Segment Open

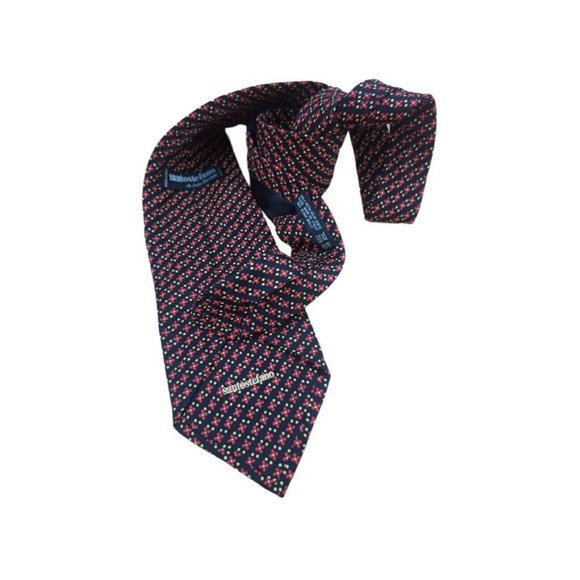SANTOSTEFANO DI ITALO FERRETTI Navy Floral Silk Tie ITALY 59"/ 4" EC - Picture 10 of 11
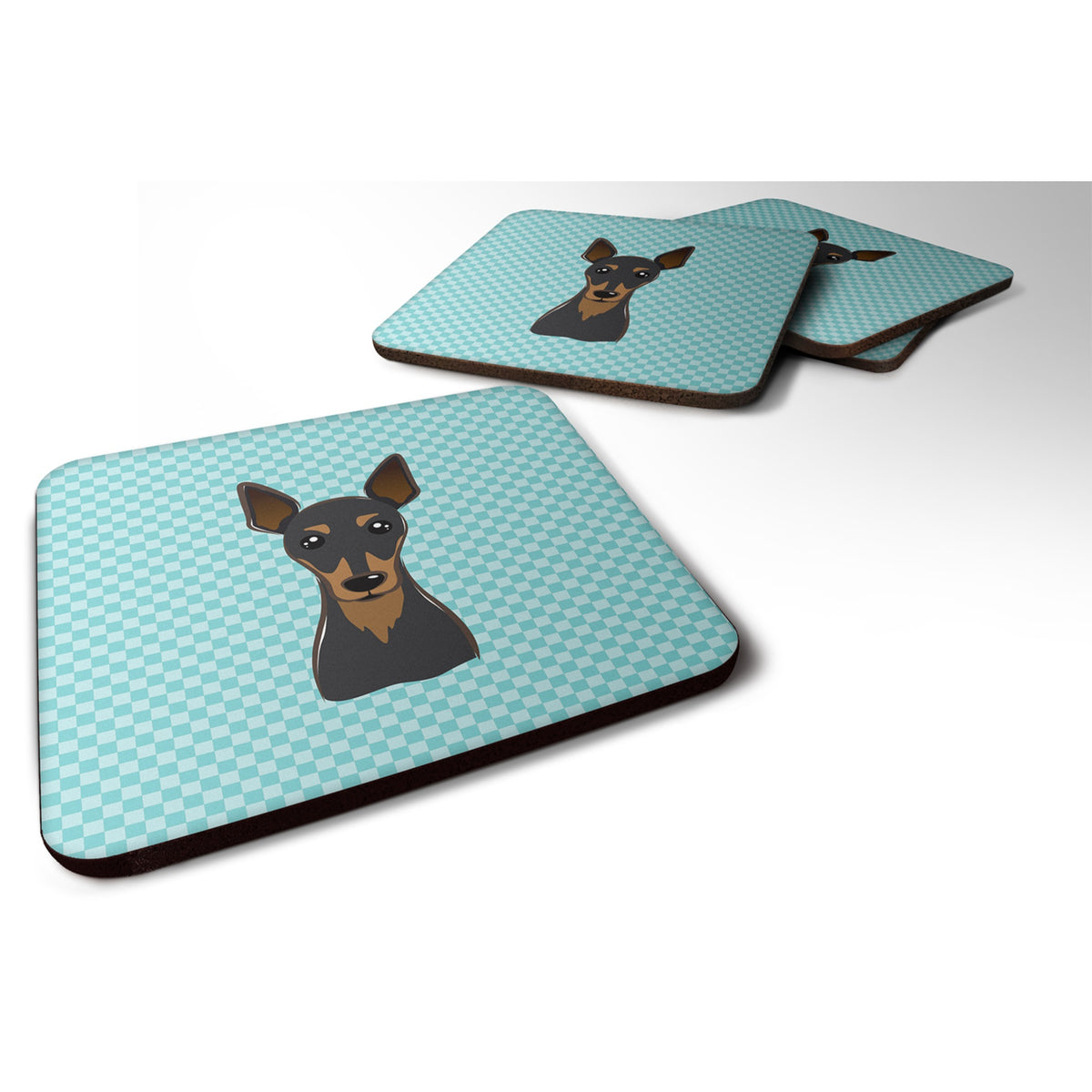 'Caroline'S Treasures Bb1178Fc Checkerboard Blue Min Pin Foam Coaster (Set Of 4), 3.5'''' H X 3.5'''' W, Multicolor''
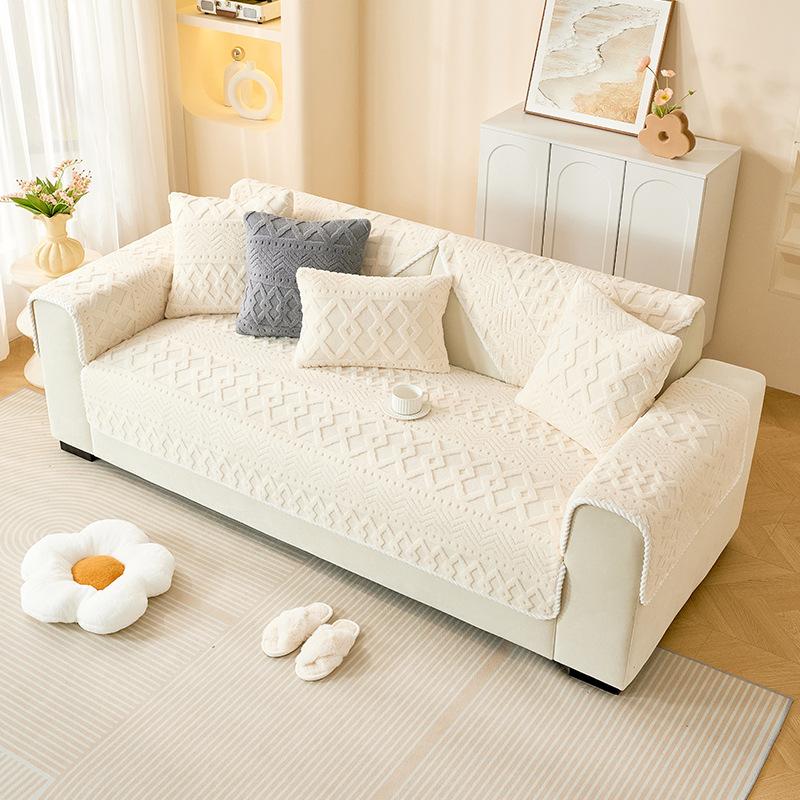 

Роскошный чехол на подушку для дивана Зимний Мягкий Противоскользящий Накидка на диван Высококачественный Стильный Защитник для дивана Для Комфорта и Тепла в Гостиной 70 x 70cm белый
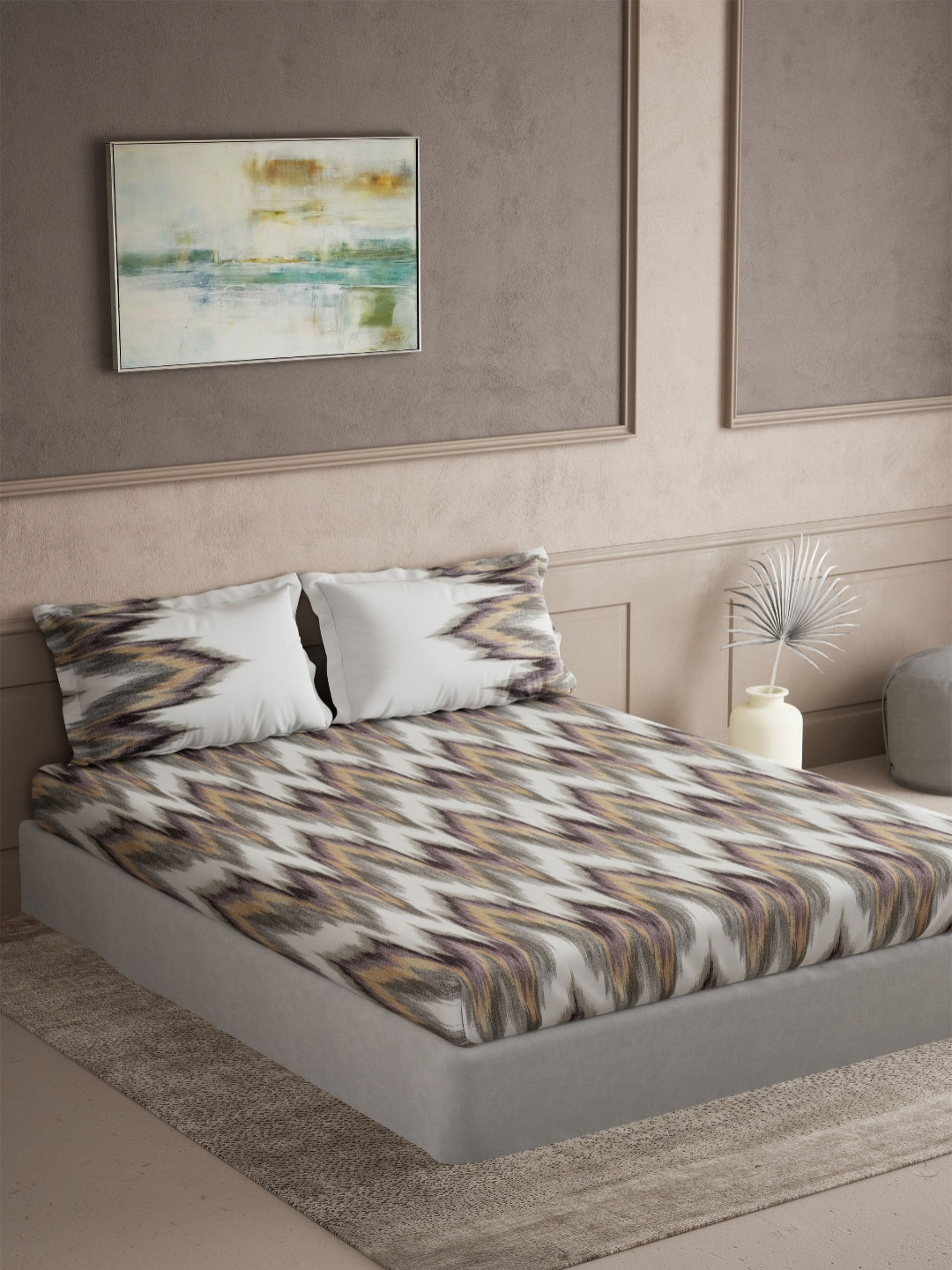 DDecor Radiance Brown Printed Pure Cotton 144 TC Super King Bedsheet Set 2.74 x 2.74 m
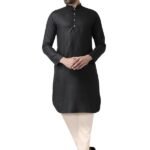 Men's Cotton Blend Long Sleeves Regular Fit Solid Black Kurta Trousers Set (36)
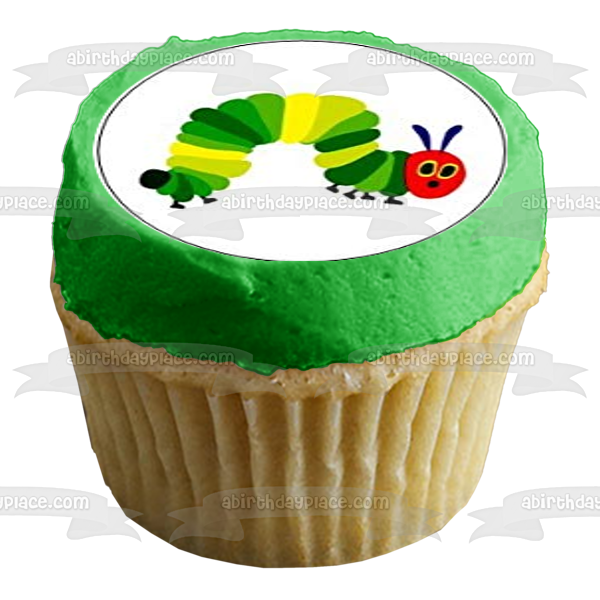 The Very Hungry Caterpillar Mixed Cupcakes Strawberry Pear Apple Leaf Butterfly Edible Cupcake Topper Images ABPID52334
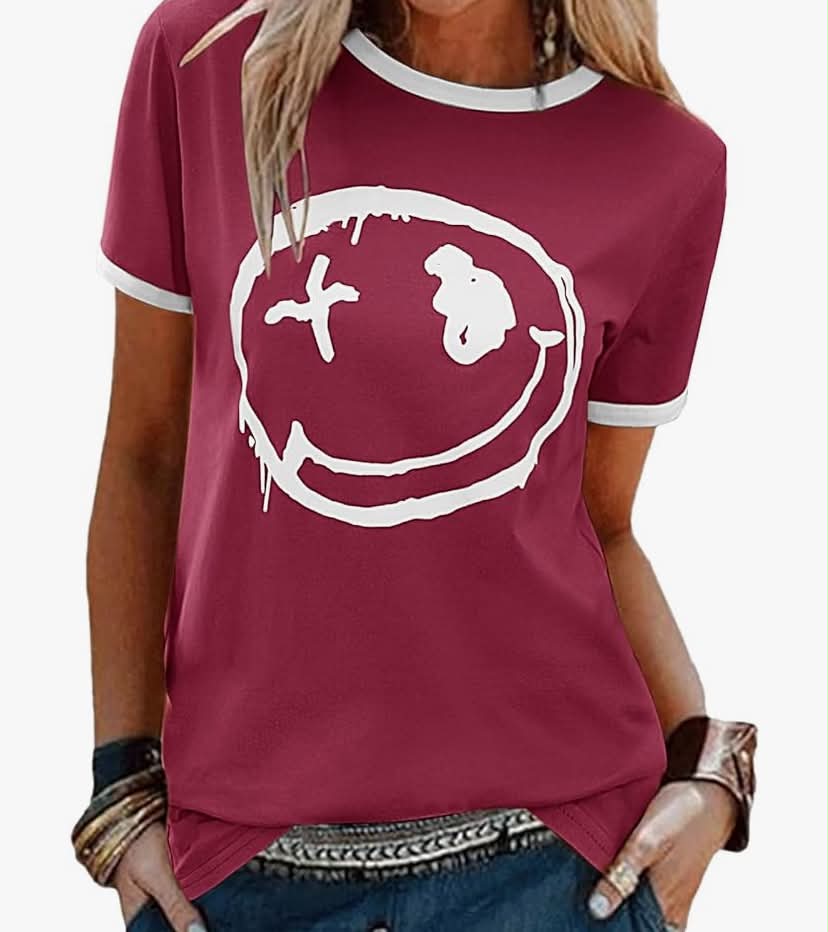 Women's T-Shirts Crew Neck Ladies Short Sleeve T Shirts Summer Tops Graphic Printed Tee Casual Cotton T-shirts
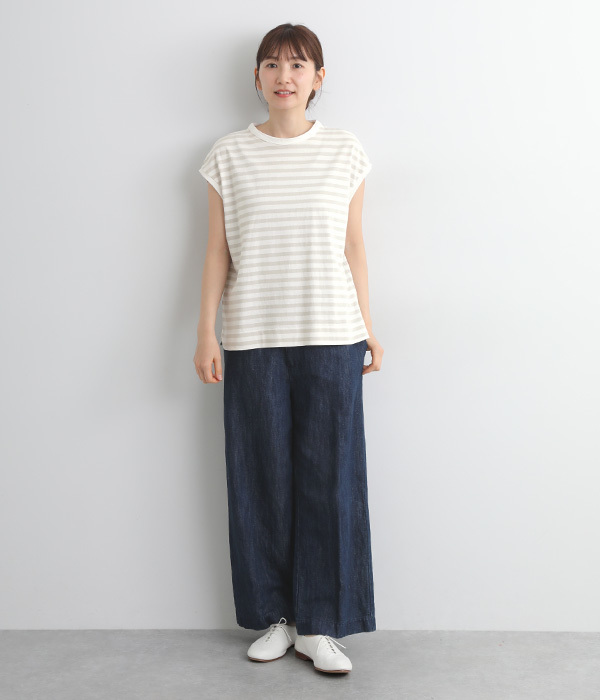 リサイクルコットンボーダー天竺ワイドフレンチスリーブTシャツ(A・オフホワイト×グレー)
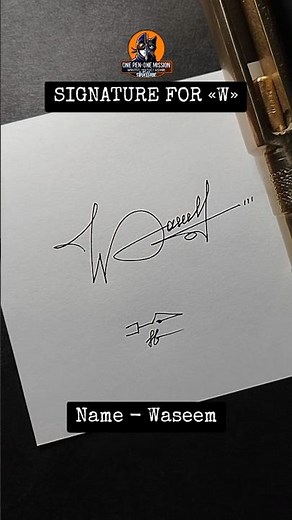 Waseem | How to Create a SIMPLE Signature Idea for letter W | sbtellme #signature #shorts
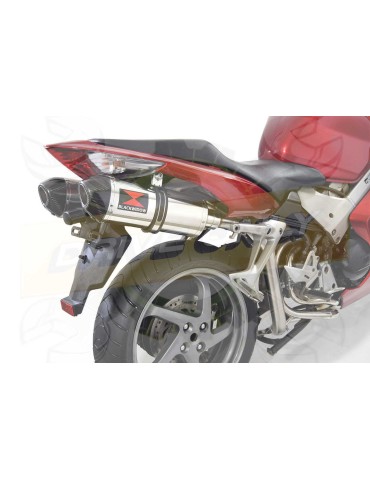 VFR 800 VTEC (RC46) 2002 - 2013 Tube de raccord + Silencieux Ovale Inox + Carbone 300mm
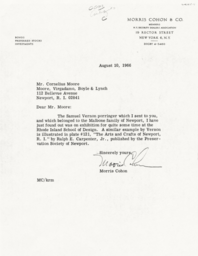 Letter from Morris Cohon to Cornelius Moore 8/10/66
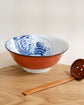 Japan Blue/Red Ramen bowl - Kanagawa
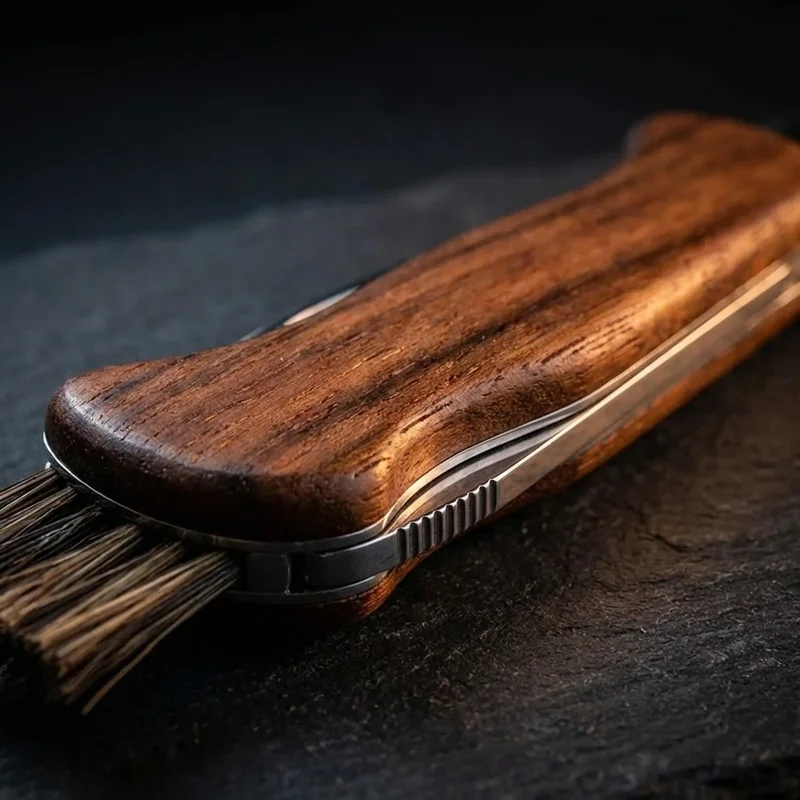 Victorinox — Mushroom Knife Stainless Steel Rosewood Handle Integrated Brush - 3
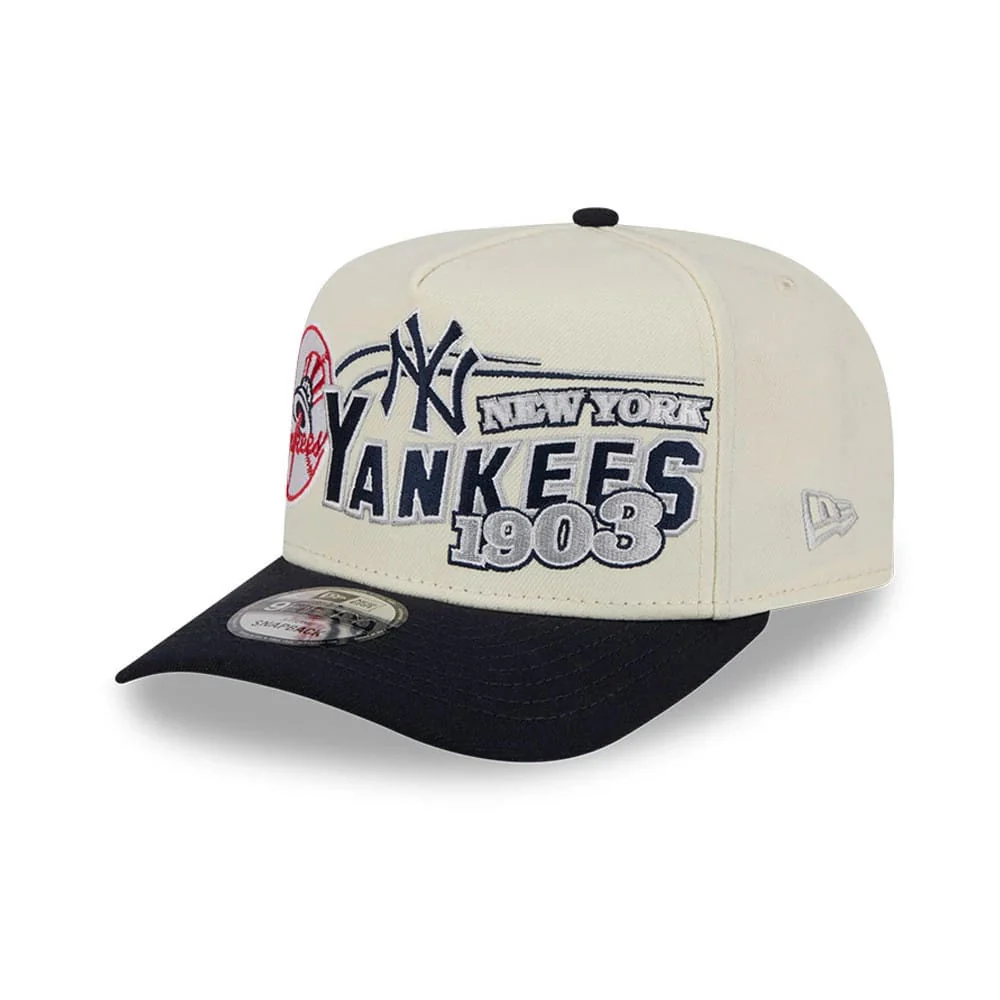 New York Yankees MLB Classic Cream 9FIFTY A-Frame Snapback Adjustable Cap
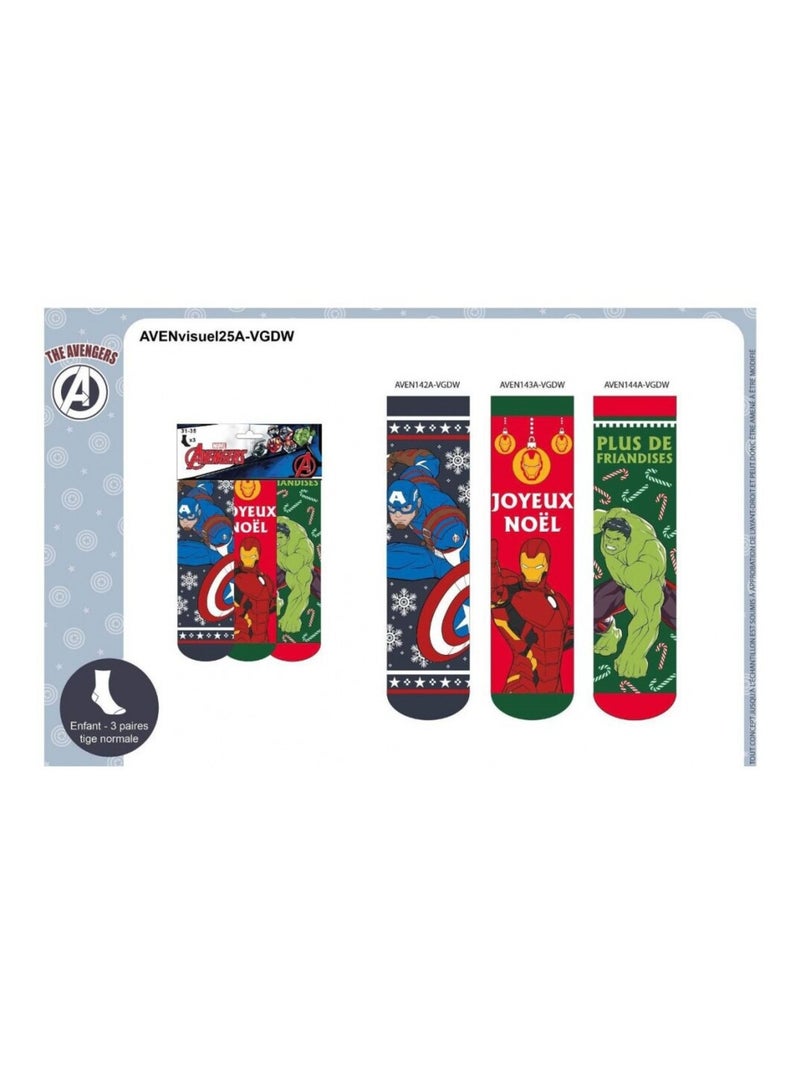 Chaussettes Pack Garçon AVENGERS - Pack de 6 Bleu Vert Bleu - Kiabi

Segment Closed

▶ Task directions:
Keep the pictures out of your copy. Copy only the lines from the line that holds "Waseem | How" through the last line of the listing above, both included.

▶ Final answer:
 Waseem | How to Create a SIMPLE Signature Idea for letter W | sbtellme #signature #shorts
 VFR 800 VTEC (RC46) 2002 - 2013 Tube de raccord + Silencieux Ovale Inox + Carbone 300mm
 Letter from Morris Cohon to Cornelius Moore 8/10/66
 Japan Blue/Red Ramen bowl - Kanagawa
 Victorinox — Mushroom Knife Stainless Steel Rosewood Handle Integrated Brush - 3
 New York Yankees MLB Classic Cream 9FIFTY A-Frame Snapback Adjustable Cap
 Chaussettes Pack Garçon AVENGERS - Pack de 6 Bleu Vert Bleu - Kiabi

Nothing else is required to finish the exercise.